Game over - tilt.

Klaus K.

Mitglied
Game over - tilt.

"Gefällt sie dir?"
"Mmmh...."
"Sie sagt, sie findest es toll, daß du so still bist. Sie liebt das, du seist so in dich gekehrt, so philosophisch ruhig..!"
"Mmmh...."
"Du, die fährt voll auf dich ab! Das wär' doch mal was für dich!"
"Hier, halt' mal..."
"Das darf doch nicht wahr sein! Wir unterhalten uns hier über ein großartiges Mädchen, hübsch und sehr wählerisch, und ich sage dir, was sie mir gegenüber über dich geäußert hat! Das scheint dich nicht zu interessieren, und du kommst mit diesem bescheuerten Elektrokabel an! Hörst du mir eigentlich zu?"
"Halt' mal fest! Ja, schon...."
"Ja, schon! Was ist denn das für eine Antwort? Da gibt es genug andere, die würden einen Luftsprung machen! So etwas Liebes, Nettes....und sie interessiert sich für dich! Eine Trantüte, die lieber Elektrokabel verlegt! Das gibt es nicht!"
"Koaxialkabel, kein Elektrokabel."
"Ohh...nee! Jetzt ist es gut! Soll ich ihr sagen, daß du dich mit ihr treffen willst? Heute Abend, da in deiner Lieblingshöhle? Um acht? Sie sitzt mit ihrer Freundin jetzt noch in dem Cafe, ich komme da vorbei..."
"Von mir aus..."
"Ok, mach' ich - aber ich sage dir, wenn du da nicht pünktlich auf der Matte stehst und sie versetzt, dann kannst du mich mal!"
"Ist ja gut - ich geh' halt mal hin, um acht!"
"Ich geh' halt mal hin.....ich fass' es nicht! Mach' was draus, du Trollo!"

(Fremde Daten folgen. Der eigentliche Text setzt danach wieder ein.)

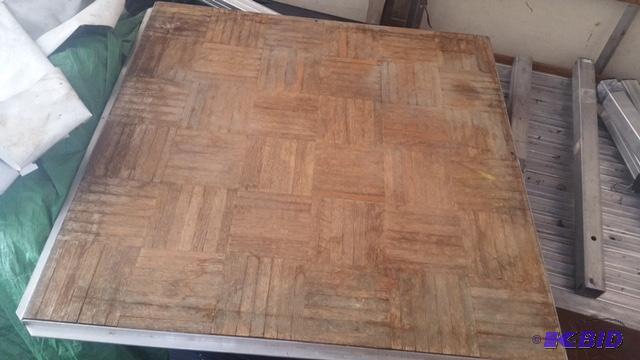 lot 21 image: 24 piece 3x3 section of wooden dance floor, s...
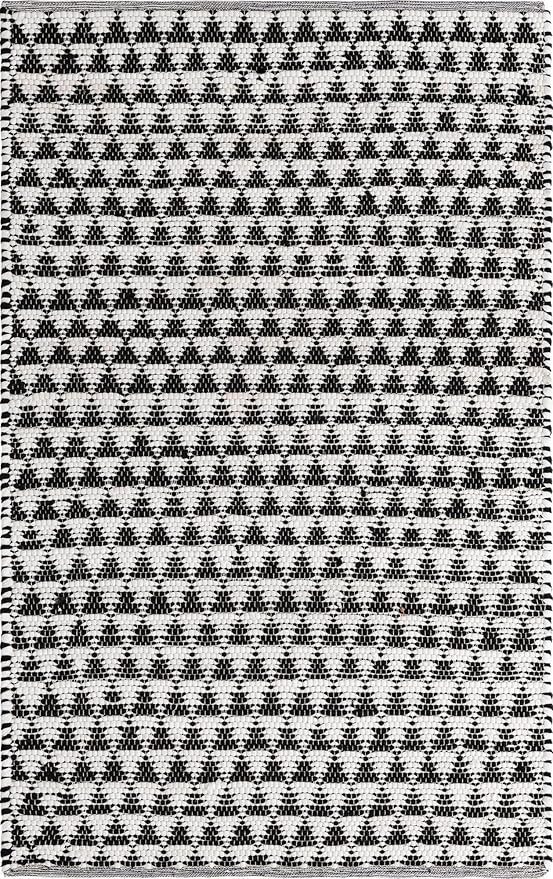 Unique Loom Chindi Jute Collection Area Rug (4' 1" x 6' 1" Rectangle, White Black)
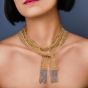  Long Mirror Beads Mesh Wrap Around Scarf Italian 18K Gold Necklace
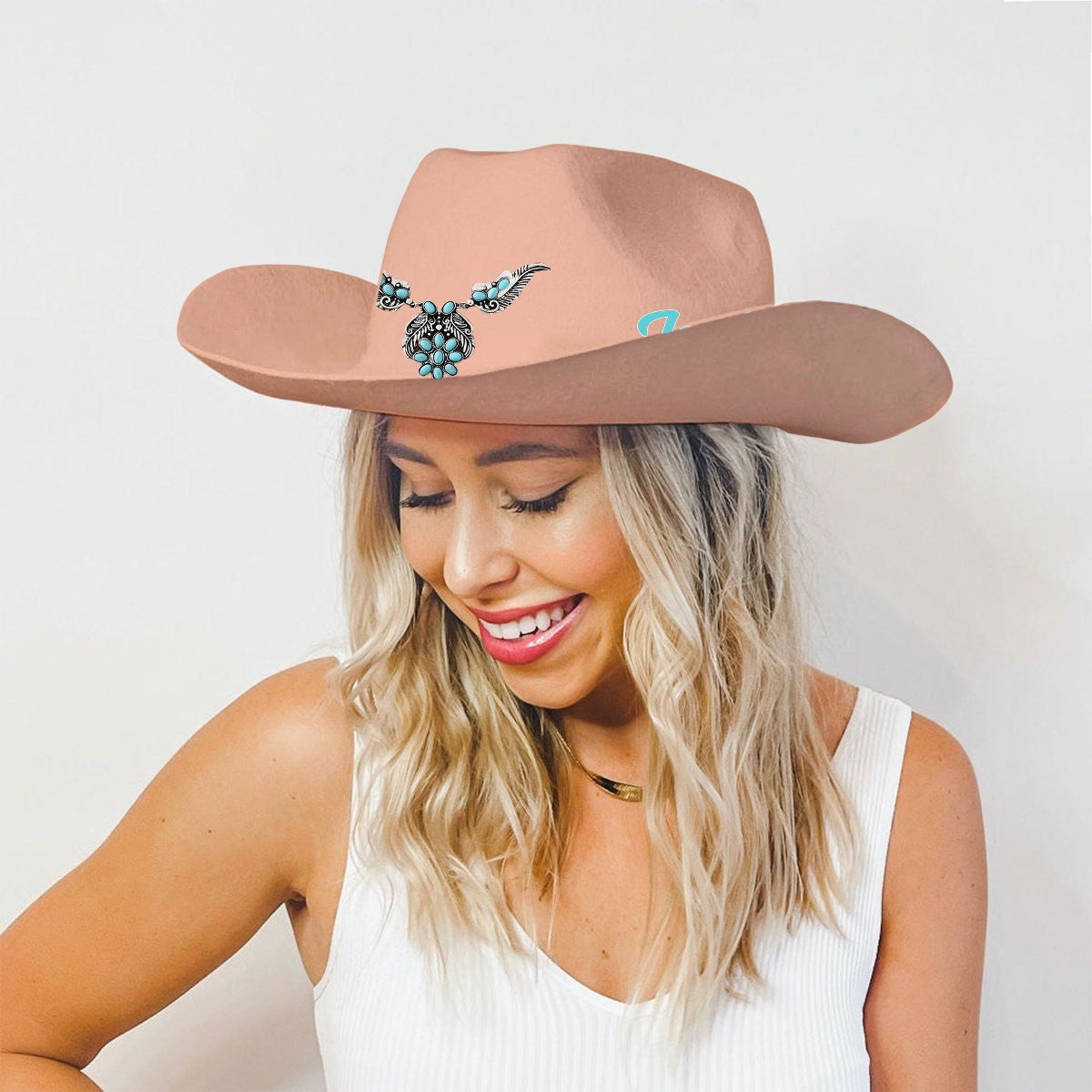 Cowgirl Stay Wild - Chapeau de cowboy personnalisé à large bord « Cowgirl Stay Wild »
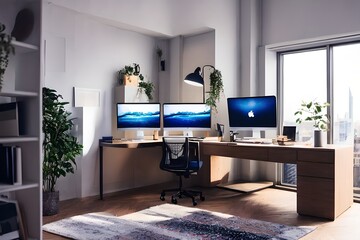 Cozy, Modern home office workplace with computer and desk, wooden floor, natural light, and rug with a big window view of the city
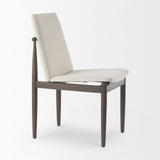 Cavett Cream Boucle Upholstered Seat W/Dark Brown Wood Frame Dining Chair, Set of 2 by Mercana at Eve Furniture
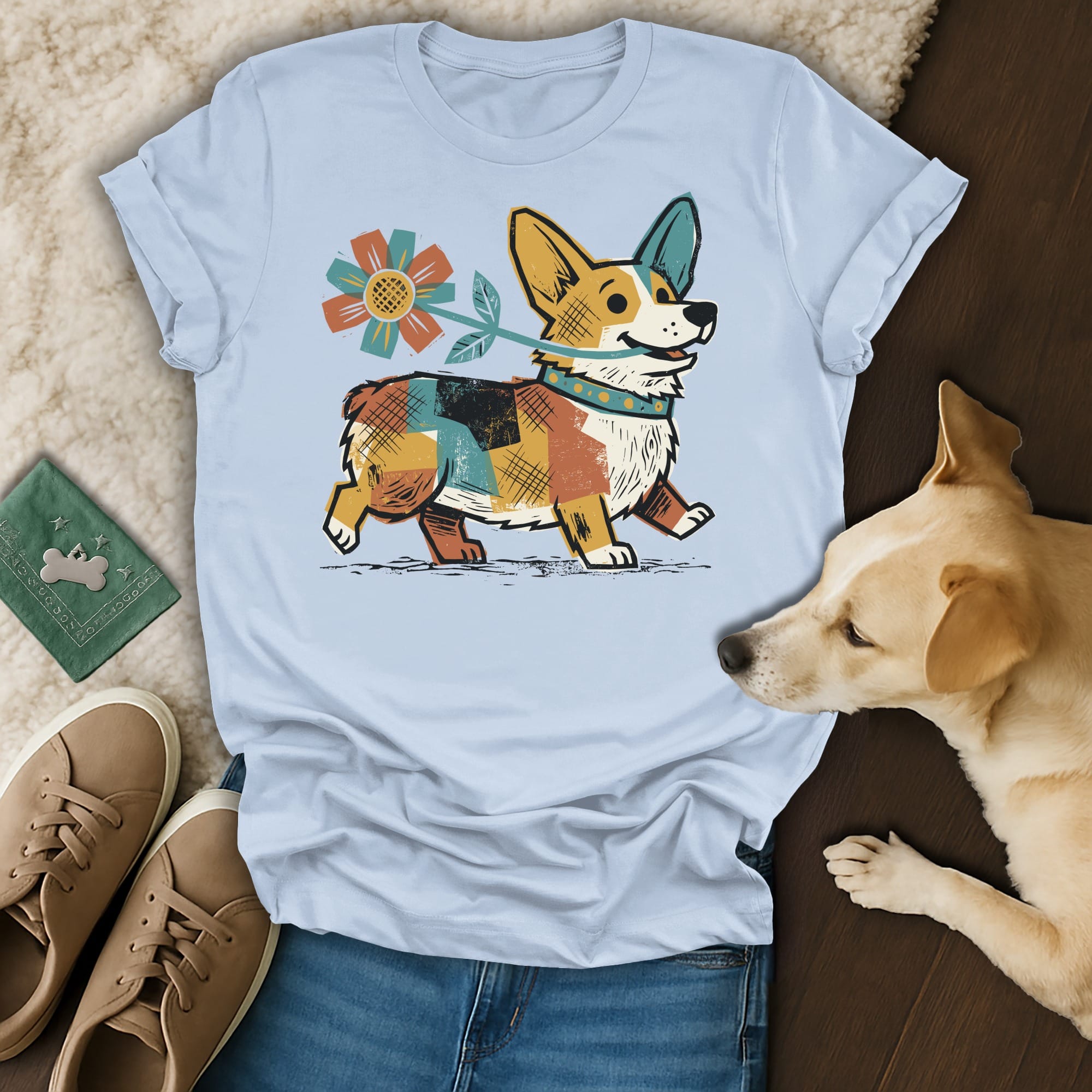 Light blue t-shirt with a corgi wearing a flower on a leash.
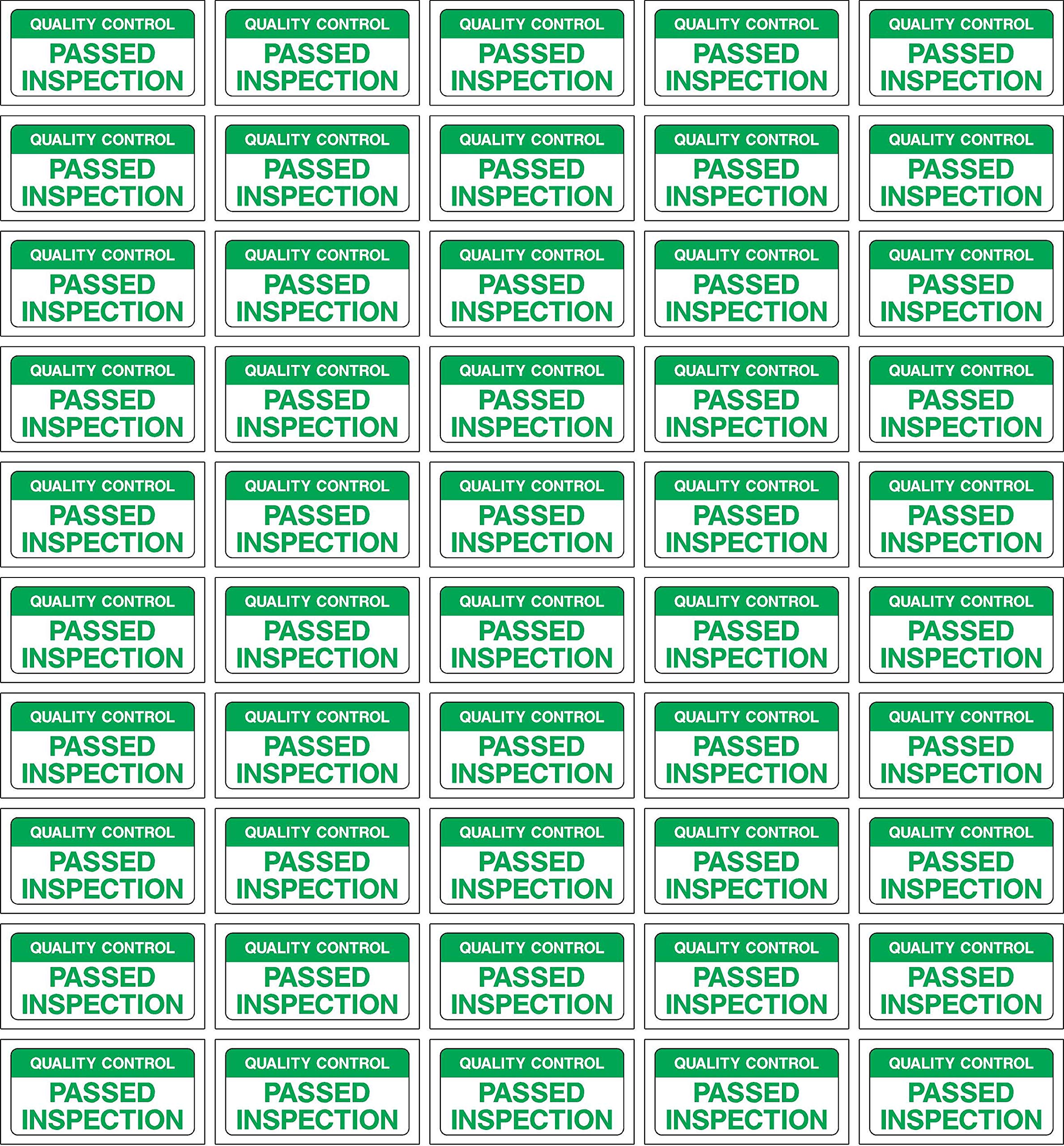 Quality Control Passed Inspection Safety Labels - 250 Stickers 40mm x 20mm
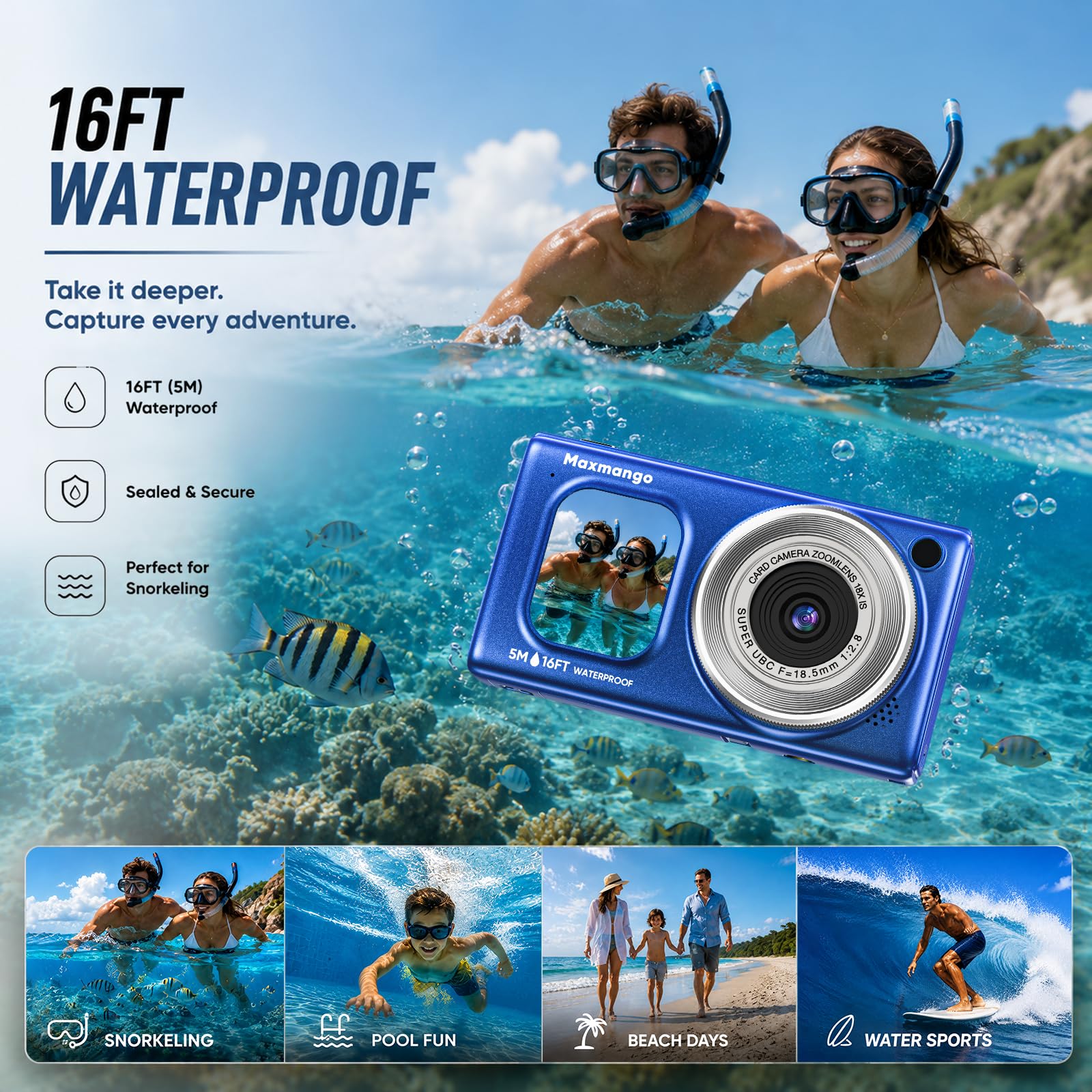 16FT Cámara Subacuática Impermeable 4K 48MP con Batería Extraíble 1500mAh | Maxmango D71 Cámara Digital con Doble Pantalla, Zoom 18X, Autofocus, Diseño Flotante para Snorkel, Surf y Natación, Azul(8GB)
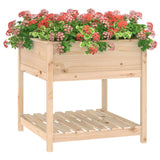 Planter with Shelf 82.5x82.5x81 cm Solid Wood Pine - Top-Down View
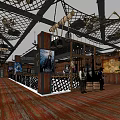 Rustic Industrial Elevator Hallway With Wooden Flooring Metal Grid Ceiling And Decorative Posters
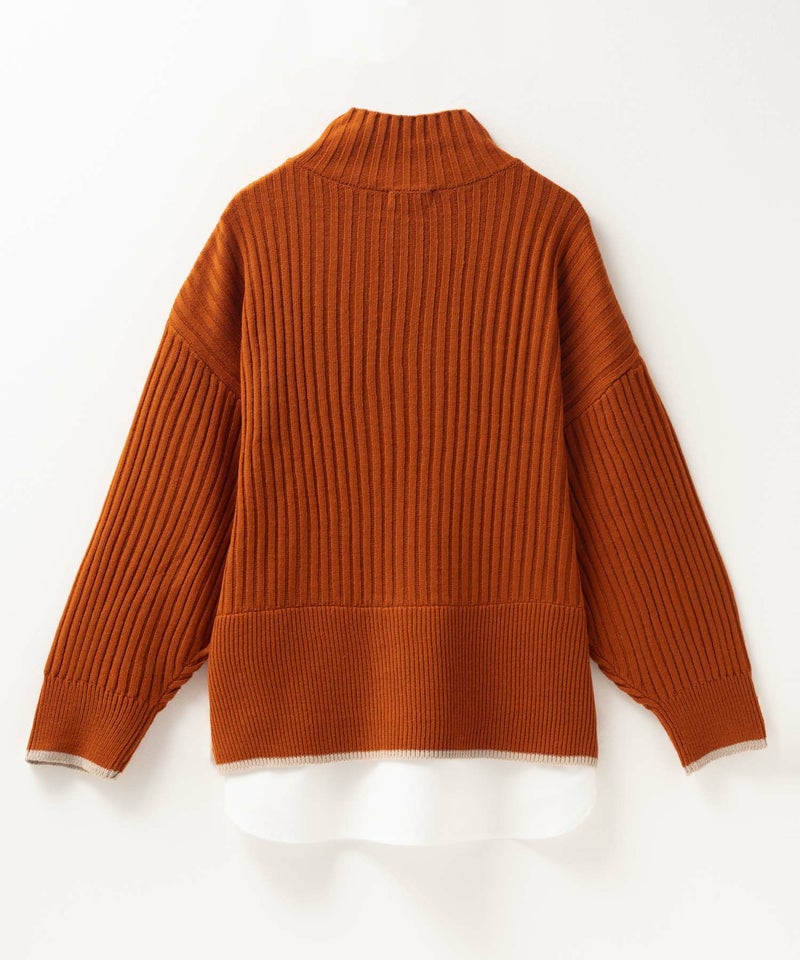 [期間限定knit]nAvy 肩ボタンフェイクレイヤードハイネックニットプルオーバー レディース商品画像-34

Am Abend, es war kurz vor acht. Jürgen - der junge Mann mit dem Koaxialkabel - war pünktlich. Die Lokalität war zwar alles andere als einladend, aber der Wirt war Van Morrison-Fan. Absoluter Van Morrison Fanatiker, und er ließ "den Meister" immer erst einmal mindestens eine Stunde vom Band durchlaufen nachdem er geöffnet hatte.
Brigitte war auch pünktlich. An der Tür schaute sie vorsichtig hinein, aber sie erkannte ihn gleich, denn er drehte sich laufend zum Eingang um und sagte, als er sie dann sah, nur:
"Oh, hallo....na, das hat ja geklappt!"
"Du meinst diese Partnervermittlung von Fredy? Wir beide, heute hier?"
"Ja, super, daß du gekommen bist. Wir haben uns ja bereits ein paar mal gesehen, aber noch nie so richtig miteinander gesprochen! Komm' wir setzen uns da drüben hin!"
"Ja. gerne! Das Fest an der Uni vor ein paar Tagen, ja da sind wir uns kurz begegnet...."
"Ja! Ganz kurz, was möchtest du trinken? Man muß die Getränke hier selber holen, was möchtest du?"
"Was trinkst du denn da?"
"Einen ganz billigen Rotwein - einen Lambrusco. Das habe ich von meinem Vater, der hatte als Student auch kein Geld, und da haben sie damals davon geschwärmt. Wegen der sehr preiswerten zwei-Liter Flaschen, ein dicker Kopf am nächsten Tag war garantiert. Klartext, die Vorlesung fiel aus!"
"Ich möchte einen Lambrusco bitte!"

Er stand auf, bestellte und kam kurz darauf mit einem bis zum Rand gefüllten Glas zurück.
"So, bitte sehr, einmal Lambrusco, Hanglage!"
"Vielen Dank! Was studierst du eigentlich?"
"Kunstgeschichte, elftes Semester - und ich möchte danach an der Uni bleiben, weißt du... Und was ist mit dir?"
"Jura, aber das ist derart langweilig. Auswendig lernen. Und dann diese Auslegungssache, da ist kaum etwas wirklich klar und eindeutig geregelt. Dazu kommt dieses Deutsch, diese verklausulierte Sprache! Dann die Kommentierungen, mal so, mal so. Aber ich werde wohl dabei bleiben, mal sehen...."
"Schmeckt dir der Wein?"
"Der perlt etwas, das mag ich!"
"Und was magst du noch? Ich meine Hobbys und so?"
"Sport, also Klettern, Wandern und Tanzen, und du?"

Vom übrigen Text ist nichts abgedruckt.